Pediatric Literature Updates

Lucia Diaz, MD, chief of pediatric and adolescent dermatology, associate director of the dermatology residency program, and assistant professor of medicine and pediatrics at Dell Medical School at the University of Texas in Austin, Texas, provided an overview of new pediatric literature in the joint session, “Updates on Adult and Pediatric Literature.” During her session, Diaz reviewed clinical scenarios and questions that may arise in a physician’s practice and articles that will help resolve difficult pediatric cases.

Case 1: A healthy one month old baby girl with a large red birthmark on her face referred to a dermatology clinic for laser treatments.

In this case review, Diaz began by explaining that a large red mark on an infant’s face should immediately tell a doctor that it is an important case to be treated immediately. One of the first considerations for the clinical presentations described by Diaz is Sturge-Weber syndrome (SWS), a neurological condition present at birth. Angiomas can eventually lead to port birthmarks on the face. The forehead and upper eyelid are high risk areas for port wine and SWS stains. Laser treatment is the best option for infants with SWS or port wine stains.

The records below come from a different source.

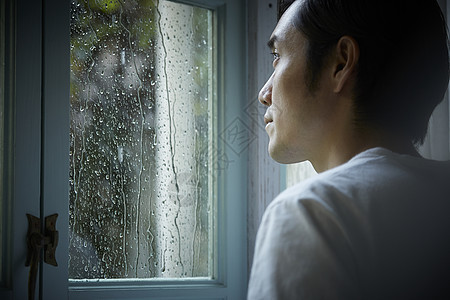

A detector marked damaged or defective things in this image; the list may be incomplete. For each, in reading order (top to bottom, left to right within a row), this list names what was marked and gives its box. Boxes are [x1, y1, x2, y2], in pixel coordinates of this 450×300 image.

rusty metal hardware [25, 213, 59, 300]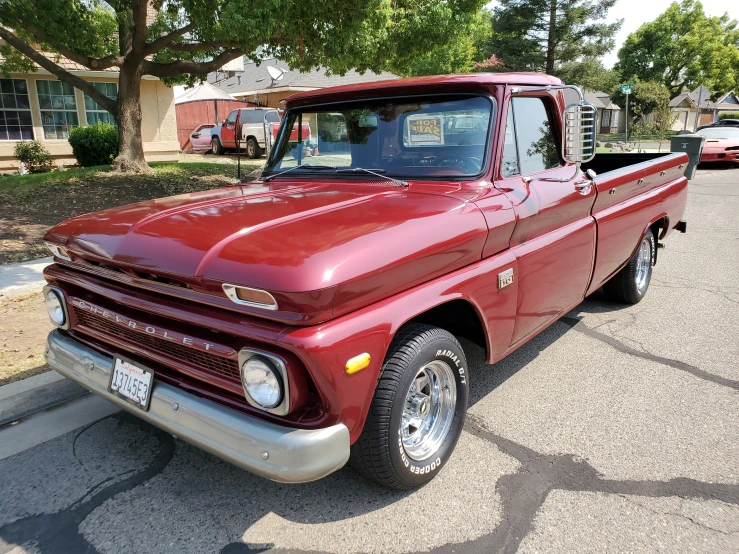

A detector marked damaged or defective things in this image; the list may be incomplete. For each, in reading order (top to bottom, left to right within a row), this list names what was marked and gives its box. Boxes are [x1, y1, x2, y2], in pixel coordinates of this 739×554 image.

crack in pavement [564, 314, 736, 388]
crack in pavement [0, 412, 175, 552]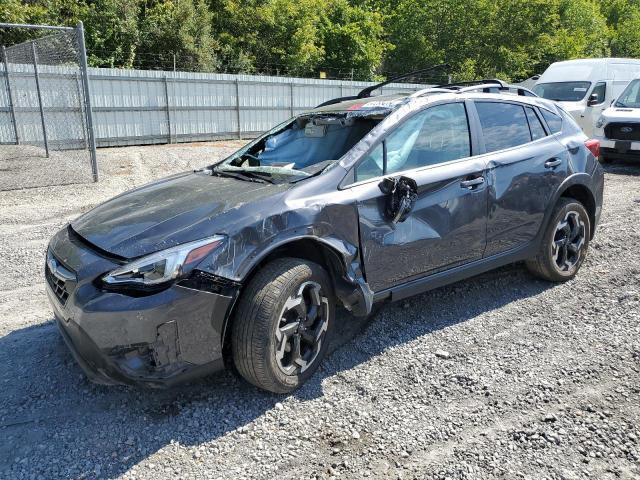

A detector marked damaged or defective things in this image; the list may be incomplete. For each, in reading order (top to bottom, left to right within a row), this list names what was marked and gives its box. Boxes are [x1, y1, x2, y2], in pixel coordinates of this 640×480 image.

shattered windshield [211, 111, 380, 183]
dented hood [71, 170, 284, 256]
damaged subaru crosstrek [46, 77, 604, 392]
broken side mirror [380, 175, 420, 224]
cracked bumper [46, 227, 239, 388]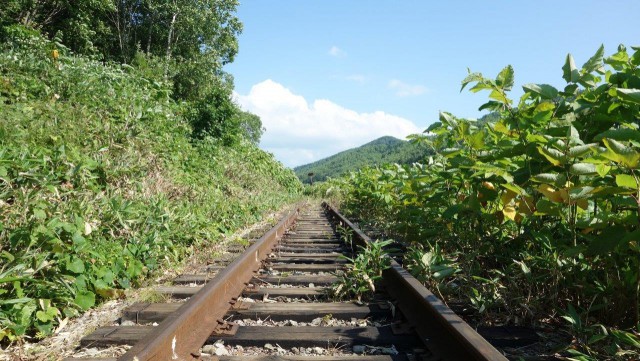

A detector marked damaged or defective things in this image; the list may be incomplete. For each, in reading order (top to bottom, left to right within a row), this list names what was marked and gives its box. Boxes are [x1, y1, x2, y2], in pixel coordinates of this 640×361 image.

rusty rail [119, 207, 298, 358]
rusty rail [328, 202, 508, 360]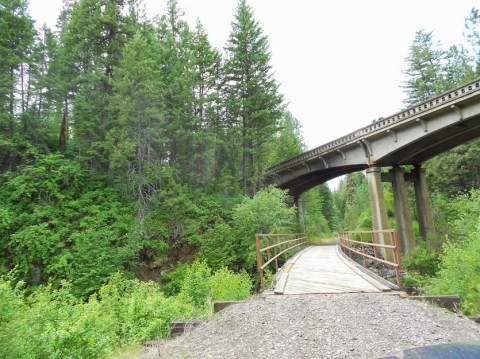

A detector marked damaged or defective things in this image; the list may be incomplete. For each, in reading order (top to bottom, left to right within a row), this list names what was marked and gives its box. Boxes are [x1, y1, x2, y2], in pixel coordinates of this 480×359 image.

rusty metal railing [255, 235, 308, 292]
rusty metal railing [340, 232, 404, 288]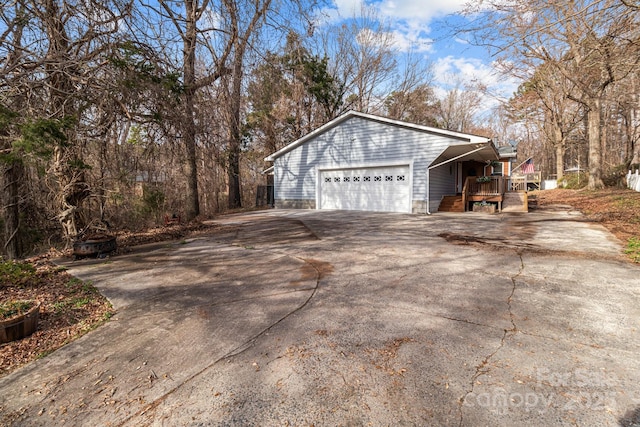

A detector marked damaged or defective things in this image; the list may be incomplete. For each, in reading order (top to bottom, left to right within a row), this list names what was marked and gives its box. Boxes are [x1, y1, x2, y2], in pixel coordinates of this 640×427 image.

crack in pavement [114, 256, 324, 426]
cracked asphalt driveway [1, 209, 640, 426]
crack in pavement [458, 252, 524, 426]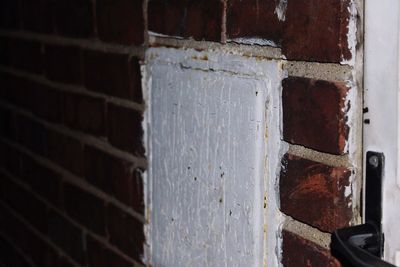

“I usually start at a month old, if I can, just to get more optimal responses of 50% to 90% clearance with 8 to 10 sessions,” Diaz said.

Case 2: A 6 month old female, previously healthy, with a large painful lesion on her leg and sleep problems after treatment.

Diaz diagnosed this patient with ulcerated hemangiomas. Beta-blockers are currently the best standard of treatment for preventing ulceration in pediatric patients. Propranolol is generally the go-to beta-blocker selection because it has the most literature and safety data and is already approved by the United States Food and Drug Administration. Pain control and wound care are important considerations with painful ulcerated hemangiomas in pediatric patients, but some patients may have significant sleep disturbances with beta-blockers because they cross the blood-brain barrier. When considering other beta-blockers, some studies refer to oral nadolol as an effective alternative. According to a study referenced by Diaz, oral nadolol was not inferior to oral propranolol and had a good safety profile overall.

“The group included 71 patients and they were mostly evenly distributed. What really came out was that nadolol was not inferior to propranolol and it led to faster resolution in terms of how quickly the lesions reduced. Also, there was an improvement in color and other factors,” Diaz said.

Reference

Diaz L. Update on adult and pediatric literature. Presented at the 2022 Society of Dermatology Physician Assistant Conference; November 17-20, 2022; Miami, Florida.